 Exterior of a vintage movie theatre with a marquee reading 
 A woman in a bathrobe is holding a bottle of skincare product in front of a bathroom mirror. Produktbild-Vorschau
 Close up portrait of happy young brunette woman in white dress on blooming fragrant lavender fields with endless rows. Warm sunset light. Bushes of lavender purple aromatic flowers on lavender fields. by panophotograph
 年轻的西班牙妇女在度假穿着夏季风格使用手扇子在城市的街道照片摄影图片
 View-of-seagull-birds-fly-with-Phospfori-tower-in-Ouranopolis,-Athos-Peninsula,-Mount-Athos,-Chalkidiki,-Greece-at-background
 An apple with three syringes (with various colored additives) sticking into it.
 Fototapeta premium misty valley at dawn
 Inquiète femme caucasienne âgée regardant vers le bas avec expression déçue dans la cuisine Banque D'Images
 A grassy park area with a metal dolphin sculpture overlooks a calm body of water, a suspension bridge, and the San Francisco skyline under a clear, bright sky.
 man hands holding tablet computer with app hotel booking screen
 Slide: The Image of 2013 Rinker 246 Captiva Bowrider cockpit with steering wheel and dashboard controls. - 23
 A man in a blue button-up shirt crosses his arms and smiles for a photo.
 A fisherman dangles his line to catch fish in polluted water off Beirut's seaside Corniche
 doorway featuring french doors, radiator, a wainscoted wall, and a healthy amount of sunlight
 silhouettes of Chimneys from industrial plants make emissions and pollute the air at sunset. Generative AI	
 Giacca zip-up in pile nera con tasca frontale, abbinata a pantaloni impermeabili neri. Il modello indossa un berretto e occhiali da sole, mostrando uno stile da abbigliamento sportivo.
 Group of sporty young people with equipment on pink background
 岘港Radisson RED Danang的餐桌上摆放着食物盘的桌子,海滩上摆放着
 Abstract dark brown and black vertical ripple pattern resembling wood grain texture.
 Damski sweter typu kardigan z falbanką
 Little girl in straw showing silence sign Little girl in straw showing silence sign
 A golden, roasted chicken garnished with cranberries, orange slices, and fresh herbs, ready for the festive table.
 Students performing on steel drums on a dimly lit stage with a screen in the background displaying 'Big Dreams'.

+-------+

• What to produce
Write out every line of the entries that holds the word "water".

• Worked solution
 A grassy park area with a metal dolphin sculpture overlooks a calm body of water, a suspension bridge, and the San Francisco skyline under a clear, bright sky.
 A fisherman dangles his line to catch fish in polluted water off Beirut's seaside Corniche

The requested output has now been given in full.